:: WHAT THE EXERCISE ASKS ::
Please output exactly the lines from the one containing "Knee-high Naturalists" through the last line of the records, both included.

:: MATERIAL FOR THIS EXERCISE ::
● ● ● ●

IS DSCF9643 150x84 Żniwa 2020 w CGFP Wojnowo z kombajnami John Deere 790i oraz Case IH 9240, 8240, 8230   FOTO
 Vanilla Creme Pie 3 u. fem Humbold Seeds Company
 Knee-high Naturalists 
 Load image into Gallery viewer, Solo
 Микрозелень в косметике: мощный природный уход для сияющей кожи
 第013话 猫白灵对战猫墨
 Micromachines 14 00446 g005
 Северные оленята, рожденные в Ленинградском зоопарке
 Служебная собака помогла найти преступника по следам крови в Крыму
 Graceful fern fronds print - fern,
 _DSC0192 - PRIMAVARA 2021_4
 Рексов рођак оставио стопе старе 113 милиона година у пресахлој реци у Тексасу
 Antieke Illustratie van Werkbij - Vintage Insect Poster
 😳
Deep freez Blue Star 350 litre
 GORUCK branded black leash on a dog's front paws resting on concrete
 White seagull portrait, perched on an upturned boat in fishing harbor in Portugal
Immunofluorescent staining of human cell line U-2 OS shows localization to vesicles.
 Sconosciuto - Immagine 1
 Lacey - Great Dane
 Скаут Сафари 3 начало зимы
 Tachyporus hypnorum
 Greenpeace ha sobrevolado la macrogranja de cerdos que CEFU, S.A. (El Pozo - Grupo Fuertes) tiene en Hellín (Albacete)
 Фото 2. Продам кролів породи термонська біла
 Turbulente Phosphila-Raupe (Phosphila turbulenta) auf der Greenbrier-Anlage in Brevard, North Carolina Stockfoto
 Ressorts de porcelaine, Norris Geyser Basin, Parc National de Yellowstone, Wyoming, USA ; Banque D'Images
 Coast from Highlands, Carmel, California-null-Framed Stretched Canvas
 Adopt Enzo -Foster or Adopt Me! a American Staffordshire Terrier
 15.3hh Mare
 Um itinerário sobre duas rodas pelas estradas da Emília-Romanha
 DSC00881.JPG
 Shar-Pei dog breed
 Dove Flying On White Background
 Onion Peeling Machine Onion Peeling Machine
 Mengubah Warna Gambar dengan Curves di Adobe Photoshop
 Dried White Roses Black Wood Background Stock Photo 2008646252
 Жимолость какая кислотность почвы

● ● ● ●

:: SOLVED PROBLEM ::
 Knee-high Naturalists 
 Load image into Gallery viewer, Solo
 Микрозелень в косметике: мощный природный уход для сияющей кожи
 第013话 猫白灵对战猫墨
 Micromachines 14 00446 g005
 Северные оленята, рожденные в Ленинградском зоопарке
 Служебная собака помогла найти преступника по следам крови в Крыму
 Graceful fern fronds print - fern,
 _DSC0192 - PRIMAVARA 2021_4
 Рексов рођак оставио стопе старе 113 милиона година у пресахлој реци у Тексасу
 Antieke Illustratie van Werkbij - Vintage Insect Poster
 😳
Deep freez Blue Star 350 litre
 GORUCK branded black leash on a dog's front paws resting on concrete
 White seagull portrait, perched on an upturned boat in fishing harbor in Portugal
Immunofluorescent staining of human cell line U-2 OS shows localization to vesicles.
 Sconosciuto - Immagine 1
 Lacey - Great Dane
 Скаут Сафари 3 начало зимы
 Tachyporus hypnorum
 Greenpeace ha sobrevolado la macrogranja de cerdos que CEFU, S.A. (El Pozo - Grupo Fuertes) tiene en Hellín (Albacete)
 Фото 2. Продам кролів породи термонська біла
 Turbulente Phosphila-Raupe (Phosphila turbulenta) auf der Greenbrier-Anlage in Brevard, North Carolina Stockfoto
 Ressorts de porcelaine, Norris Geyser Basin, Parc National de Yellowstone, Wyoming, USA ; Banque D'Images
 Coast from Highlands, Carmel, California-null-Framed Stretched Canvas
 Adopt Enzo -Foster or Adopt Me! a American Staffordshire Terrier
 15.3hh Mare
 Um itinerário sobre duas rodas pelas estradas da Emília-Romanha
 DSC00881.JPG
 Shar-Pei dog breed
 Dove Flying On White Background
 Onion Peeling Machine Onion Peeling Machine
 Mengubah Warna Gambar dengan Curves di Adobe Photoshop
 Dried White Roses Black Wood Background Stock Photo 2008646252
 Жимолость какая кислотность почвы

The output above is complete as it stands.